In [111]:
import autograd.numpy as np
from autograd import grad
from scipy.optimize import minimize_scalar
import scipy.linalg as la

In [112]:
class BFGSOutput:
    def __init__(self, x, fx, converged, iter):
        self.x = x
        self.fx = fx
        self.converged = converged
        self.iter = iter

    def add_history(self,history):
        self.history = history

In [113]:
def bfgs_step(f, df, x, search_direction, method = "Armijo", armijo_param = 0.5) -> float:
    """ 
    computes BFGS step size

    Parameters:
    - f: objective function
    - df: derivative of objective function
    - x: current iterate
    - method: "full", "exact" or "Armijo"
    - armijo_param: Armijo parameter. Only needed if method = "Armijo"

    returns:
    - alpha: step size
    """
    if method == "full":
        return 1
    
    elif method == "exact":
        line_search = lambda alpha: f(x + alpha*search_direction)
        return minimize_scalar(line_search).x

    elif method == "Armijo":
        line_search = lambda alpha: f(x + alpha*search_direction)
        alpha = 1
        while line_search(alpha) > f(x) + armijo_param * alpha * np.dot(df(x), search_direction):
            alpha *= 0.5
        return alpha

In [114]:
def bfgs(f, x0, method = "Armijo", armijo_param = 0.5, max_iter = 10, tol = 1e-6, save_history = False):

    """ 
    Performs the BFGS optimization algorithm

    Parameters:
    - f: Objective function
    - x0: Initial guess for x
    - method: Method used to calculate the step size.

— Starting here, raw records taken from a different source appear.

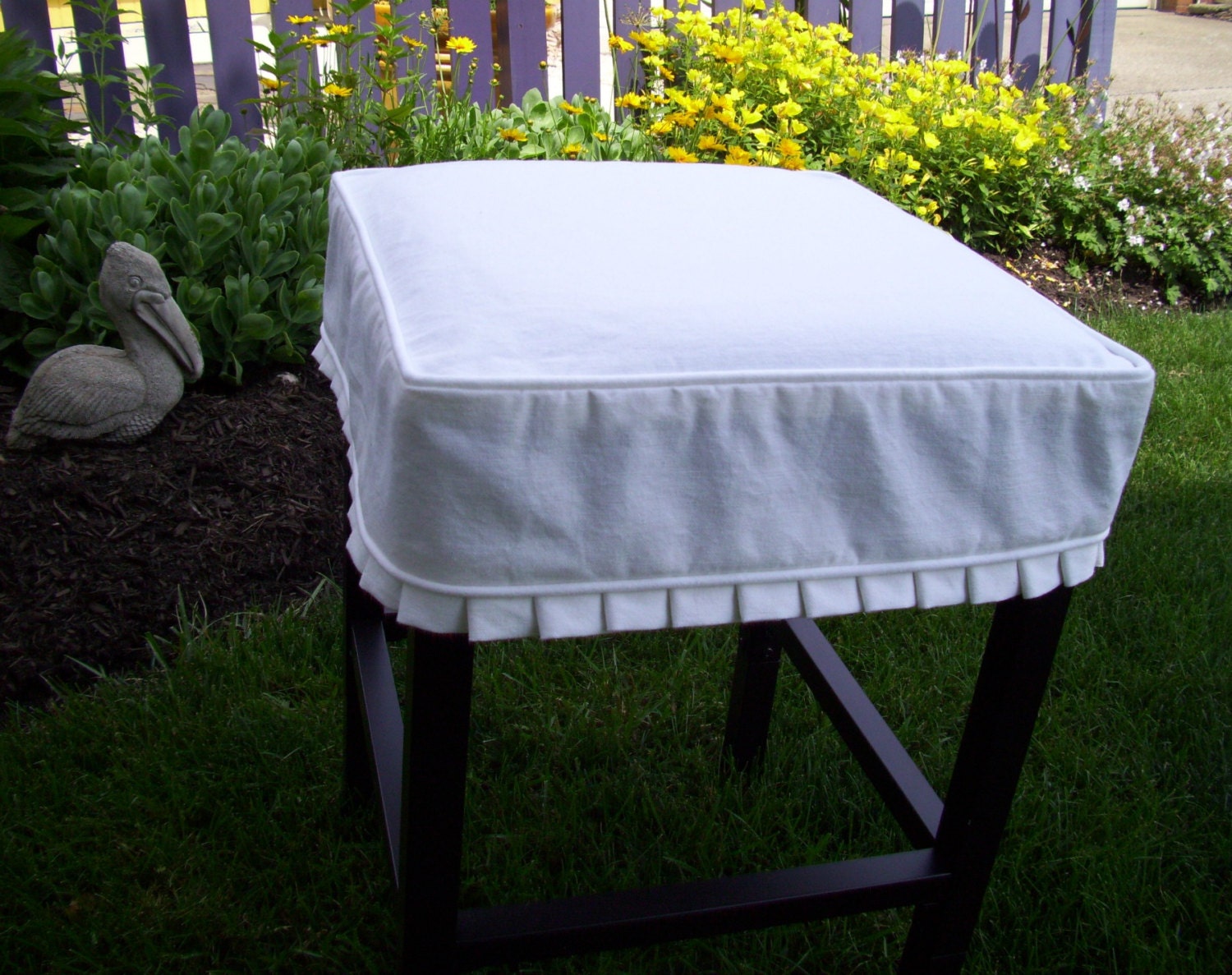 Square Barstool Slipcover with Knife Pleats Canvas Bar Stool Etsy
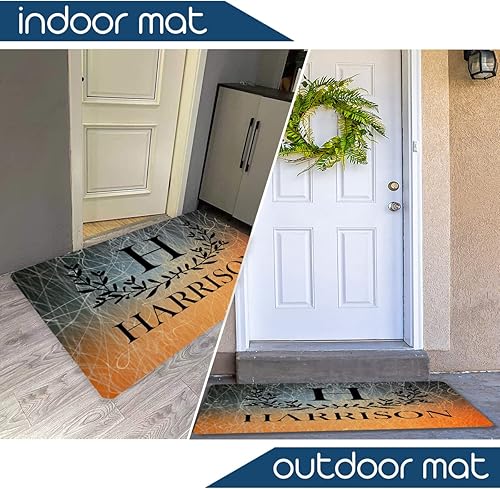 Miniatura 4 de Tapetes personalizados de bienvenida para puerta delantera, tapete personalizado con cualquier texto, tapete personalizable con perfil bajo para la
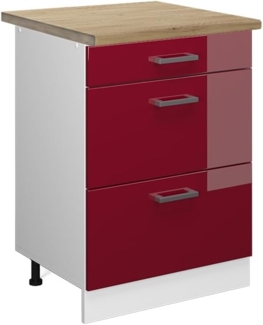 Vicco Küchenunterschrank R-Line, Bordeaux Hochglanz/Weiß, 60 cm mit Schubladen, AP Eiche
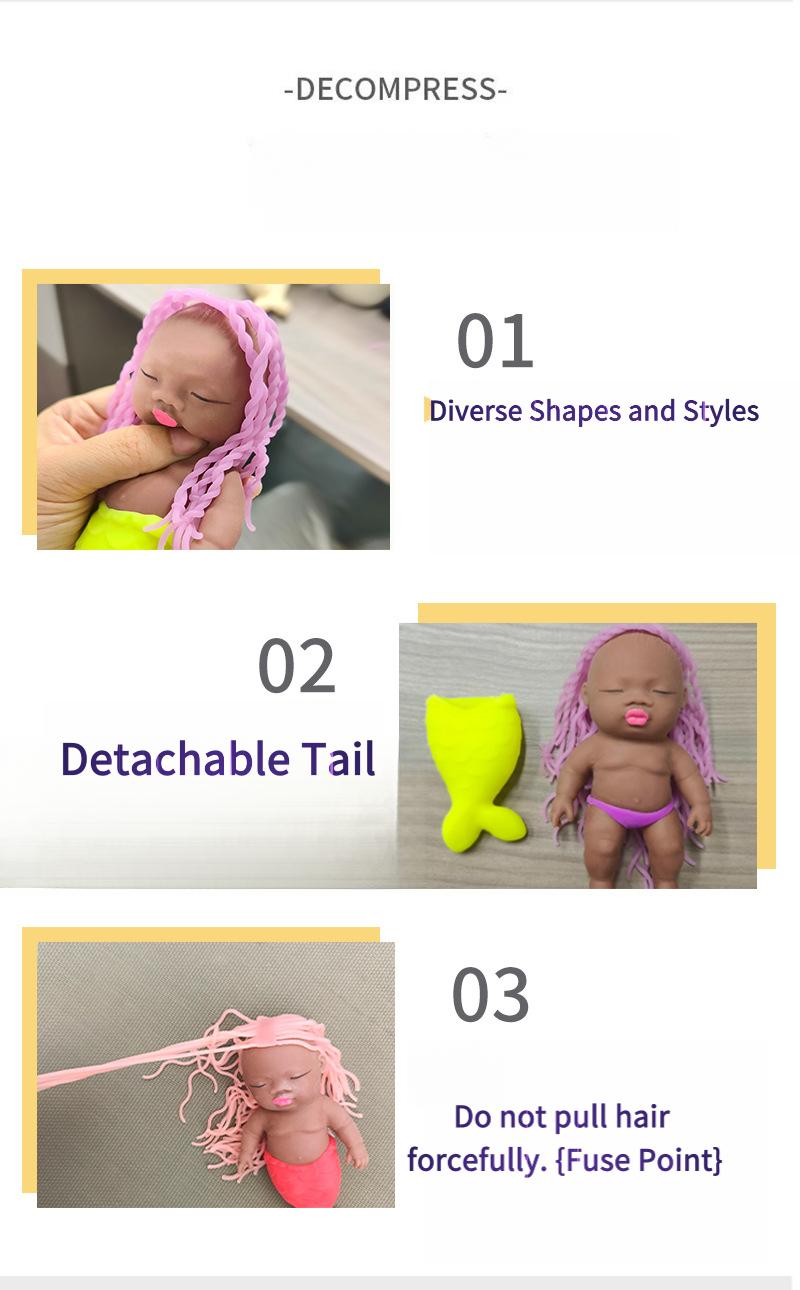 "Ugly-Cute" Long-Haired Mermaid Princess Stress Relief Toy - Black Soft-Gel Squeezable Palm-Sized Doll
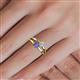 5 - Ria 4.00 mm Round Tanzanite and Diamond Split Shank 2 Stone Engagement Ring 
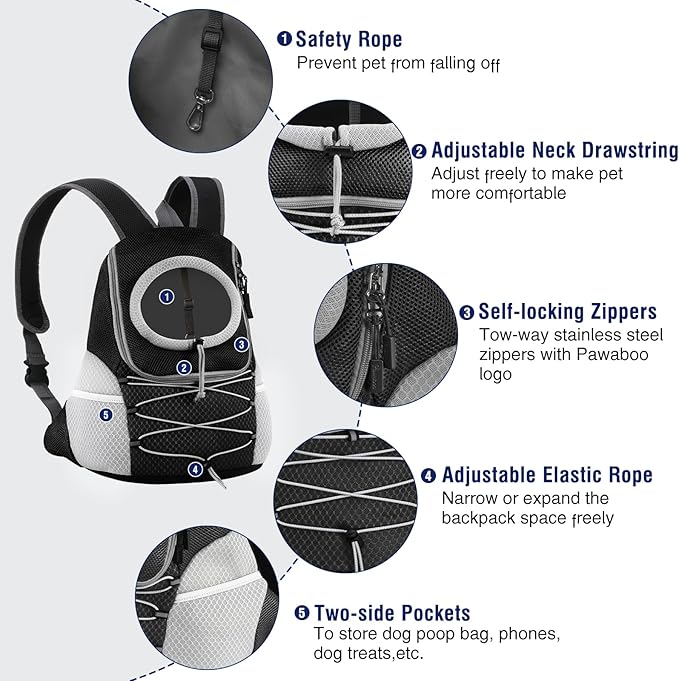 Pawaboo Pet Dog Carrier Backpack, Puppy Dog Travel Front Carrier - Image 6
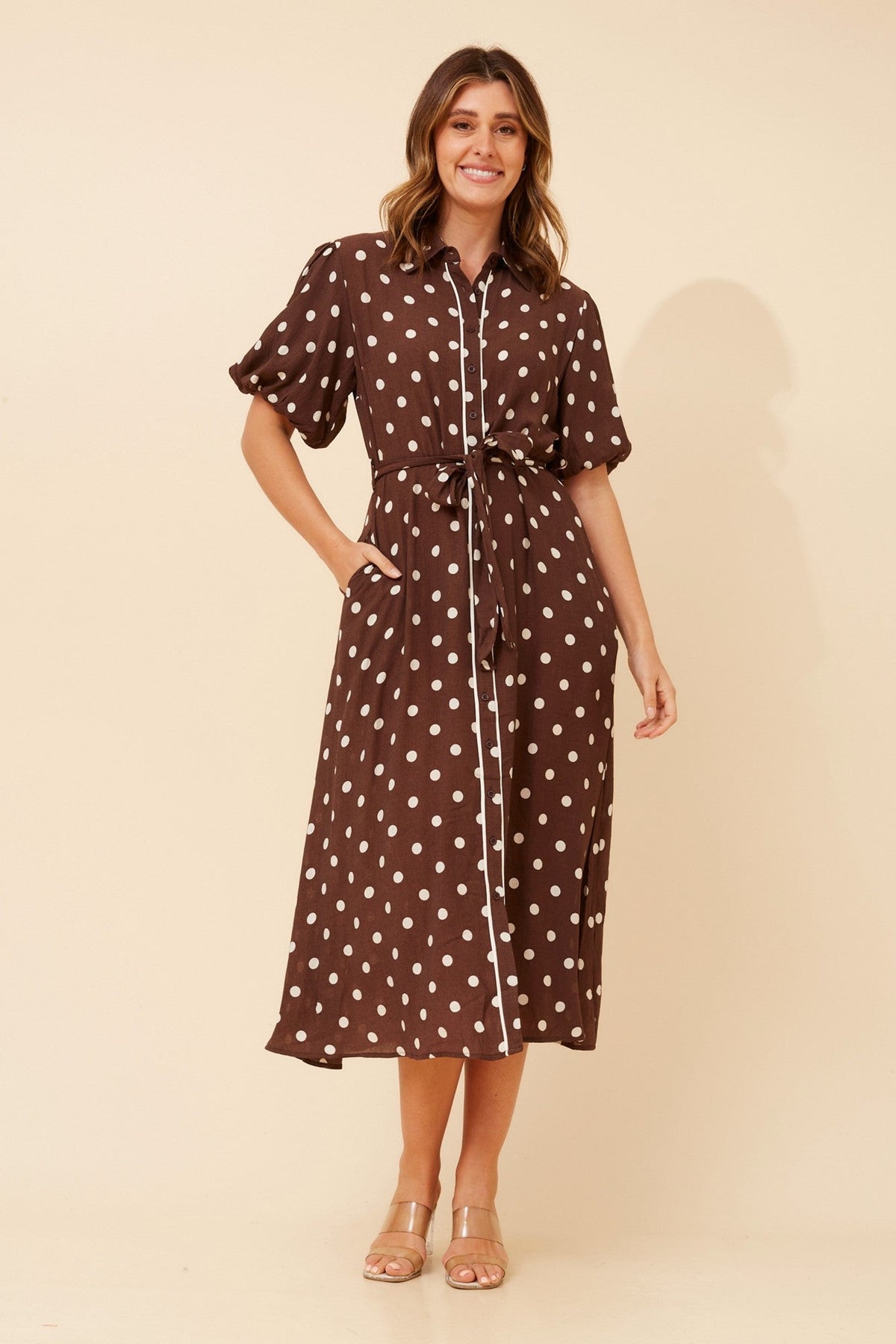 ESSIE POLKA DOT MAXI DRESS (Chocolate)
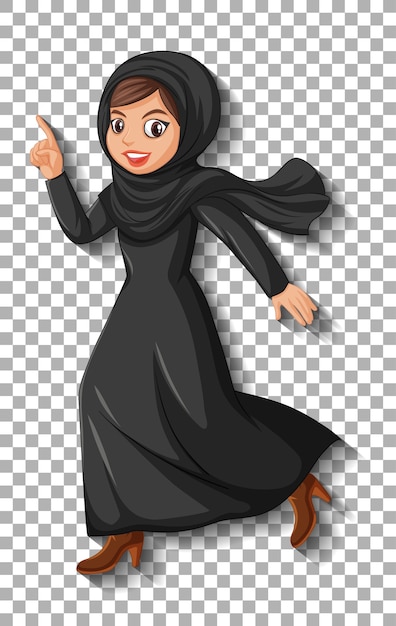 Vecteur gratuit personnage de dessin animé de belle fille musulmane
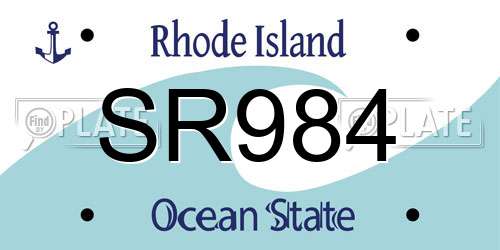 SR984 Rhode Island License Plate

Either "full", "exact" or "Armaijo" (default)
    - armijo_param: Only needed if method="Armajio" (default: 0.5)
    - max_iter: maximum number of iterations
    - tol: Convergence tolerance
    - save_history: If True, iteration history is returned

    returns:
    BFGS output with attributes:
    - x: Calculated minimizer
    - fx: Minimal value
    - converged: If True, method converged
    - n_iter: Number of iterations
    - (optional) history
    """

    n = x0.size

    x = x0

    df = grad(f) # compute the gradient of f
    H_inv = np.eye(n) # initialize inverse Hessian

    converged = False
    n_iter = max_iter

    if save_history:
        history = []
    
    for iter in range(max_iter):

        if save_history:
            history.append(x)
        
        if la.norm(df(x)) < tol:
            n_iter = iter
            converged = True
            break
        
        search_direction = - H_inv @ df(x)
        step_size = bfgs_step(f, df, x, search_direction, method = method, armijo_param = armijo_param)

        #perform updates
        x_old = x

        x = x + step_size * search_direction

        p = x - x_old
        q = df(x) - df(x_old)
        rho = 1 / np.dot(p,q)

        if iter == 0:
            # rescale first Hessian
            H_inv *= np.dot(p,q) / np.dot(q,q)

        H_inv = (np.eye(n) - rho * p @ q.T) @ H_inv @ (np.eye(n) - rho * p @ q.T)

    out = BFGSOutput(x, f(x), converged, n_iter)
    if save_history:
        out.add_history(history)
    return out

In [115]:
def f(x):
    return x[0]**2 + x[1]** 2